II. А ЮНОСТЬ ВСЕ-ТАКИ БЫЛА

ПИСЬМО В НИКУДА

В. Д. Берестову

Дорогой Валентин Дмитриевич!

Ваше Великое, но больное сердце остановилось 15 апреля 1998 года в Святую Великую Среду — день предания Господа одним из его учеников.

Учеников у Вас было много, ещё больше причисляющих себя к таковым, но предать Вас могла бы только патологическая личность, ибо человека большей доброты мне встречать в этой жизни не приходилось.

Представляю, как бы Вы укорили меня за столь длинное вступление, странные параллели и непонятный жанр сочинительства.

Простите меня, дядя Валя, прозы я почти не писал, и очень горько, что начинать приходится практически с некролога…

Уже давным-давно, в первый зимний день нашего знакомства, а случилось это 1 декабря 1971 года, когда мне исполнялось девятнадцать, Вы, разглядев что-то в длинном, отчаянно смущающемся юнце, принесшем Вам шесть стихотворений, написанных от руки, открыли ему двери квартиры на улице Волгина, может быть, вспомнив, как в своё время благословили Ваш путь: Чуковский, Т олстой, Ахматова. На Вашем рабочем столе лежали «археологическая» книга с очень поэтическим названием «Государыня-пустыня» и новая книга стихов «Зимние звёзды», свет от которых я пронёс через всю жизнь.
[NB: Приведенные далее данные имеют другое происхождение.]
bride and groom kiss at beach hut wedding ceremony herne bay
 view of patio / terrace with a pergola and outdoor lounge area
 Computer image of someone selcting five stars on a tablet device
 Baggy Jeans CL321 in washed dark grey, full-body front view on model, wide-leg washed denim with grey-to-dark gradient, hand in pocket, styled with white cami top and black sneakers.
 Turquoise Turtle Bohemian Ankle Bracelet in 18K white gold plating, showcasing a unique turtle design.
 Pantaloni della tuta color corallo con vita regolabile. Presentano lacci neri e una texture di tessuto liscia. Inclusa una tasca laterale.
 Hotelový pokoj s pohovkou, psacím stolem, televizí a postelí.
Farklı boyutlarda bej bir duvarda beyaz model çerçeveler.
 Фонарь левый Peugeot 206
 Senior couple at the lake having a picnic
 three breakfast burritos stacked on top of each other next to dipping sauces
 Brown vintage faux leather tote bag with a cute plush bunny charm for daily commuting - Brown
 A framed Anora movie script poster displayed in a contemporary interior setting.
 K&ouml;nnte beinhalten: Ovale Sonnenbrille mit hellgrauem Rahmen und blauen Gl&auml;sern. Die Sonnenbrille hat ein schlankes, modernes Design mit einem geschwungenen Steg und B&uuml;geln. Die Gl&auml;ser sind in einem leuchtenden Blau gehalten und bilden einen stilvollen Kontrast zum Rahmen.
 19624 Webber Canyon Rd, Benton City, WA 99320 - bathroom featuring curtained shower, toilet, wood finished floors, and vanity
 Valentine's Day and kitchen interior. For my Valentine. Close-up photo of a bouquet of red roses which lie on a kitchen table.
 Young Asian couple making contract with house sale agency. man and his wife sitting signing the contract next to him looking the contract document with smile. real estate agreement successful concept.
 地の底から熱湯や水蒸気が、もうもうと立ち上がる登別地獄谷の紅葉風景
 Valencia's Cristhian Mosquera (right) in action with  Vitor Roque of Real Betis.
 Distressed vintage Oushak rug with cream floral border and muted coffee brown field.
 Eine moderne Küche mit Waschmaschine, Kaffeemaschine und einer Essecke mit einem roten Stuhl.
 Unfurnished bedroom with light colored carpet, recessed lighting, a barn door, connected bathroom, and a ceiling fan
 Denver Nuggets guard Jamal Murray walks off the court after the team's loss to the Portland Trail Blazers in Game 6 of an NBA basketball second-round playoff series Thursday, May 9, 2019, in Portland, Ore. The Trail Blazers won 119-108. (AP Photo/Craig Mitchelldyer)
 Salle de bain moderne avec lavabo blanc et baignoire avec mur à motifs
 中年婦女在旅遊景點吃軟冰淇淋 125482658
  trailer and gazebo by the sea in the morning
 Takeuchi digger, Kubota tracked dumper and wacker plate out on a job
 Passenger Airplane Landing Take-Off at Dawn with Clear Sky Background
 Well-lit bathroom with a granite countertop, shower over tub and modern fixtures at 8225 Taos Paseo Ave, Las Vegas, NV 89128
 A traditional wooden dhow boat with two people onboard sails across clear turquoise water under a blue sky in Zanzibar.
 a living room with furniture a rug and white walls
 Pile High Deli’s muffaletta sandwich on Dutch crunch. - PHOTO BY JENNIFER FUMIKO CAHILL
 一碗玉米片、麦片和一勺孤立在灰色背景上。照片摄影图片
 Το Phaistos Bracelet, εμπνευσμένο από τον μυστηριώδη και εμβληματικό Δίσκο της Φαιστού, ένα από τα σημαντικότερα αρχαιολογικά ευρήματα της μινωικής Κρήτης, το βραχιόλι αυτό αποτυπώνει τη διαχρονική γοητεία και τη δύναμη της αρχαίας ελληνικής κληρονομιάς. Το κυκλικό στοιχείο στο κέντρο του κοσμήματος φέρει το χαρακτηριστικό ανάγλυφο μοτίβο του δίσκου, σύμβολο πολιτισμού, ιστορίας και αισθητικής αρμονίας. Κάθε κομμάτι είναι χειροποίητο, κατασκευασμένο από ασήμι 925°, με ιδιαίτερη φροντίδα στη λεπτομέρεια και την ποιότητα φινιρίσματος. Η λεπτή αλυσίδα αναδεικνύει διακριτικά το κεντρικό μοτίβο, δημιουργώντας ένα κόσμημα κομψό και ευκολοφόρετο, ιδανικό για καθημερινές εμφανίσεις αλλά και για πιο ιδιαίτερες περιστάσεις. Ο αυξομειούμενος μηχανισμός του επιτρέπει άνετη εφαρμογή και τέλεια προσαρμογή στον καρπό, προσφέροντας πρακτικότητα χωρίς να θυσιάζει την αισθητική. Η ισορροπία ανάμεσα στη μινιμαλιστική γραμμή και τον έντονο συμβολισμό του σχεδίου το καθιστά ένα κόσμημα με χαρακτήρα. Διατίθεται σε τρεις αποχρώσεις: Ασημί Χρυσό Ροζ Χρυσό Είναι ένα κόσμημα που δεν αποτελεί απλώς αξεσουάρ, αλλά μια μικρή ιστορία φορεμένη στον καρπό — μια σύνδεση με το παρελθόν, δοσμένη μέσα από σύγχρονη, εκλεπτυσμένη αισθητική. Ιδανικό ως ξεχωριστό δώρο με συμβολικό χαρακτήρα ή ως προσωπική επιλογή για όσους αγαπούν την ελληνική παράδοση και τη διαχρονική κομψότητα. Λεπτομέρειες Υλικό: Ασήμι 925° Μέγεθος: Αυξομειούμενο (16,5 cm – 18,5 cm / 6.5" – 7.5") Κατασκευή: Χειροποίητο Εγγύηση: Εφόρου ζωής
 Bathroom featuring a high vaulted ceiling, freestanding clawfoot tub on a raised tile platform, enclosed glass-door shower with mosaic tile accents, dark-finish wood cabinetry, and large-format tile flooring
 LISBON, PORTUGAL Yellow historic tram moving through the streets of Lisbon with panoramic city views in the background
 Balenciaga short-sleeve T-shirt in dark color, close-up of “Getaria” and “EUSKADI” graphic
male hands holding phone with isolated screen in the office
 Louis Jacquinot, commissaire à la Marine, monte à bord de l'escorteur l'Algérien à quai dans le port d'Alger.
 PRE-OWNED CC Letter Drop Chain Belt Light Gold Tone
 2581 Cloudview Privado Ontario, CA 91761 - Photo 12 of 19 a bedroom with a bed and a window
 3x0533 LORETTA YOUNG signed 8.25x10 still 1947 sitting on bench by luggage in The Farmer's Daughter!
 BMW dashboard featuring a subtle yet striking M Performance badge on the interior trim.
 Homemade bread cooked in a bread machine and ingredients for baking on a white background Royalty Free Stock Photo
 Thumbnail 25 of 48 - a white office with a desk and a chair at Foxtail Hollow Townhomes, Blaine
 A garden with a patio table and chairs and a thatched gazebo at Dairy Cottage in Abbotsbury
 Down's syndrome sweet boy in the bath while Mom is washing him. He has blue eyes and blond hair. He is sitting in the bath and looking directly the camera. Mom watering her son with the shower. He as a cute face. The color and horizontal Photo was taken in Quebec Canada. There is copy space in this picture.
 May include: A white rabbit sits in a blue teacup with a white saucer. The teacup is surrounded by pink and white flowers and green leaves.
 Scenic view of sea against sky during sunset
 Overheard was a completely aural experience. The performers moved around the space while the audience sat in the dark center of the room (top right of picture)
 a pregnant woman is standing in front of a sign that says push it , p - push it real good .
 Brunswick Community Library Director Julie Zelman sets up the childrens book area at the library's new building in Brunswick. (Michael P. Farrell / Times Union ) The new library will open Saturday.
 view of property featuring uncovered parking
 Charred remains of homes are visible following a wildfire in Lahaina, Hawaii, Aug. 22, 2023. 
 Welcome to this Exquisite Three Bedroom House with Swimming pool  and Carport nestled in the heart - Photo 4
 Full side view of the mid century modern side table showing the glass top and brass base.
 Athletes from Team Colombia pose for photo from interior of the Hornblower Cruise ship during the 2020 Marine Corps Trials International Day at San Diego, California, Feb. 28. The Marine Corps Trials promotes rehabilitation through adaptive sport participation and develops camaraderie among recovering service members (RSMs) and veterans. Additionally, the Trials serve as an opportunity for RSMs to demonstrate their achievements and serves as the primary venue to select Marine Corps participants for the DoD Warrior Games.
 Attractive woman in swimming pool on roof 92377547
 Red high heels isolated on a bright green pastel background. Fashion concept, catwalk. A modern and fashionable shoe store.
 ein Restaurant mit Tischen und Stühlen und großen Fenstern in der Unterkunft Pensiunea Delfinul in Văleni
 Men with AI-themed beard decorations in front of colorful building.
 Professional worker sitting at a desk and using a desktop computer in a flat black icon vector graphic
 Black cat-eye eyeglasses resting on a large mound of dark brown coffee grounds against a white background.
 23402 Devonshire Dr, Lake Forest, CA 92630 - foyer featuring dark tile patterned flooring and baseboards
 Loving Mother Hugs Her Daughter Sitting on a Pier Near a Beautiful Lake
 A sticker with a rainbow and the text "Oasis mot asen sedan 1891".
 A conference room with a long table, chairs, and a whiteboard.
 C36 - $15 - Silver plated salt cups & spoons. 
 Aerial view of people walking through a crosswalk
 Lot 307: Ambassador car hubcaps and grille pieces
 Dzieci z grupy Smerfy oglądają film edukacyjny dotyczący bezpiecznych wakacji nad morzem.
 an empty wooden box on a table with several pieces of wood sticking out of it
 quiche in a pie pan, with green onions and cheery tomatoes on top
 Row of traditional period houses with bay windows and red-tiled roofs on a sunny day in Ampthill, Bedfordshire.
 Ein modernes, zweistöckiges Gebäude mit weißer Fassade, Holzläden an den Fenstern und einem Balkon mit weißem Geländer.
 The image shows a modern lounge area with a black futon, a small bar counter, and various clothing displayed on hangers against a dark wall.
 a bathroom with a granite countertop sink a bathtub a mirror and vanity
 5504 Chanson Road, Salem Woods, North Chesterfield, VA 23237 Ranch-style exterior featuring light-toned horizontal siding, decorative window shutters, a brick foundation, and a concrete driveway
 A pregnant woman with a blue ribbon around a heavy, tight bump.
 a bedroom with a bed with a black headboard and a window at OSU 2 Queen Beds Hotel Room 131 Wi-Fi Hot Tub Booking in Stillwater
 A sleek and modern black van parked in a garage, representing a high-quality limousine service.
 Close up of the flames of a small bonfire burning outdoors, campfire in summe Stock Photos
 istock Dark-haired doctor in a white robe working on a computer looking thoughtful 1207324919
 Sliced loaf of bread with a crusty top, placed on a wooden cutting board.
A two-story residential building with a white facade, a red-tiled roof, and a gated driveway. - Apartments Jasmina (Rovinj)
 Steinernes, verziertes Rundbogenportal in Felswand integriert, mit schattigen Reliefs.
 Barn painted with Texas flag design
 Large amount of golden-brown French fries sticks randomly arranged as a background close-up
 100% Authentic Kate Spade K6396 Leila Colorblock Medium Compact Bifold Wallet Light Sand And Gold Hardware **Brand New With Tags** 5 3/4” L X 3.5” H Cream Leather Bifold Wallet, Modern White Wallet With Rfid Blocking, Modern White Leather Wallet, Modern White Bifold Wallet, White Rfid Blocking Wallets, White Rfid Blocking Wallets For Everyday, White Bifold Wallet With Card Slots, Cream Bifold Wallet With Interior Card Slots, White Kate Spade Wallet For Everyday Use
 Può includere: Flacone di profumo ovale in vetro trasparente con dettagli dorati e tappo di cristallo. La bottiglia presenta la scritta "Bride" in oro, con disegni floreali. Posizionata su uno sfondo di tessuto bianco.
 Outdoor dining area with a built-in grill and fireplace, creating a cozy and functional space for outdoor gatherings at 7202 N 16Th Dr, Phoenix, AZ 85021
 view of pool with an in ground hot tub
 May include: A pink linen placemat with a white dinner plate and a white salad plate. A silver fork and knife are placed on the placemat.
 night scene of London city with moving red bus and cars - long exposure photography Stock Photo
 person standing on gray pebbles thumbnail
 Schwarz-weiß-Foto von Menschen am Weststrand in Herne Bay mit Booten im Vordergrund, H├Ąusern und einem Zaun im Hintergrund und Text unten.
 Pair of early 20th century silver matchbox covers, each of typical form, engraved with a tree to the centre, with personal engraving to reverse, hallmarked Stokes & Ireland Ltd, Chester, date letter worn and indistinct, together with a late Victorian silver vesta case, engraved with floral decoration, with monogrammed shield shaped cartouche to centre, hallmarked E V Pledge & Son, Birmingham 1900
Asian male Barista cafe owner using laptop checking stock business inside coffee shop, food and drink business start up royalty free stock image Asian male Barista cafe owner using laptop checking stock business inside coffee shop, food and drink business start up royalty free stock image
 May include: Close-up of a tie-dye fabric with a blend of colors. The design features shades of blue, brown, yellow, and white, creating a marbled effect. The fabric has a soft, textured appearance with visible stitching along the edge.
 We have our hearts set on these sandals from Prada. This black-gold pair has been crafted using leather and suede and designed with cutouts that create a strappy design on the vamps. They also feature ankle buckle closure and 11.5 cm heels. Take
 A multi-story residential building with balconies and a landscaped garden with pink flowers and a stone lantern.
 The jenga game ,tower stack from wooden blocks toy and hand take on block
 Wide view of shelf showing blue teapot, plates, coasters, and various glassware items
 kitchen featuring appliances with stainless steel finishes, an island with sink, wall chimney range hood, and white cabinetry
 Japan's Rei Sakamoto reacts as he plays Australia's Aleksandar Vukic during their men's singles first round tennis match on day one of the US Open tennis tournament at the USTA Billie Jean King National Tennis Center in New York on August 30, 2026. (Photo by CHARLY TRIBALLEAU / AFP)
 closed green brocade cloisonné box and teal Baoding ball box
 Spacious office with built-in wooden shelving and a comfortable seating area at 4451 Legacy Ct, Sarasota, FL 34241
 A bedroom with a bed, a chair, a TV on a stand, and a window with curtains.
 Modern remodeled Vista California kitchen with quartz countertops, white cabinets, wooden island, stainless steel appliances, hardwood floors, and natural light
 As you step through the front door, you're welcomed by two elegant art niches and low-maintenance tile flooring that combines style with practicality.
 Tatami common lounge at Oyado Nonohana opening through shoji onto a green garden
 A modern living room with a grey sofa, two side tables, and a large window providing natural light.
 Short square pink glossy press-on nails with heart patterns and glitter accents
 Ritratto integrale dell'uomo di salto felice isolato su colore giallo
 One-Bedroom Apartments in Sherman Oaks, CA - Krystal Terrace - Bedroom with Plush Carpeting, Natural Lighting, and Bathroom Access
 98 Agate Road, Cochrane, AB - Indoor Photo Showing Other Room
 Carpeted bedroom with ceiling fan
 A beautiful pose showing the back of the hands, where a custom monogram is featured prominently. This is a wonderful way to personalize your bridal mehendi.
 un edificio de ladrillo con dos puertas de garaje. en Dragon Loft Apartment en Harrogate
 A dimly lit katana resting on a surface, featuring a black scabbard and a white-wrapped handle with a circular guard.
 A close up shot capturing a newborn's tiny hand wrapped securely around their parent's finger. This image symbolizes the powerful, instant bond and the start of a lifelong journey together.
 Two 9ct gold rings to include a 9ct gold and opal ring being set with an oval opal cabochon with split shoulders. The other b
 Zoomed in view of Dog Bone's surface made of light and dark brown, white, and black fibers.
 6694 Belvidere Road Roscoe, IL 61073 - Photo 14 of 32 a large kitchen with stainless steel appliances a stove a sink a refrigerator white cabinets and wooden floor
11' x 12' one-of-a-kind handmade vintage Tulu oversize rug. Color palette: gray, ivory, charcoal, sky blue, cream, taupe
Какое это было счастье попасть в Ваш дом и слушать, слушать, слушать, но не только слушать, а и быть услышанным!

Да никакие Литературный или Историко-архивный институты, которыми я грезил тогда, не могли бы дать и половины того, что я приобрёл за годы юношеской дружбы с Вами! Она стала фундаментом для всего моего дальнейшего творчества. Именно в Вашем доме я услышал фамилии великих певцов истории России: Карамзина, Соловьева, Ключевского, Татищева (а ведь в школе о них в то время и не вспоминали). Я открыл для себя в полном объеме поэзию А. Пушкина, А. К. Т олстого, Д. Кедрина, А. Ахматовой, Ш. Петёфи, проштудировав Ваши тяжёлые книжные полки.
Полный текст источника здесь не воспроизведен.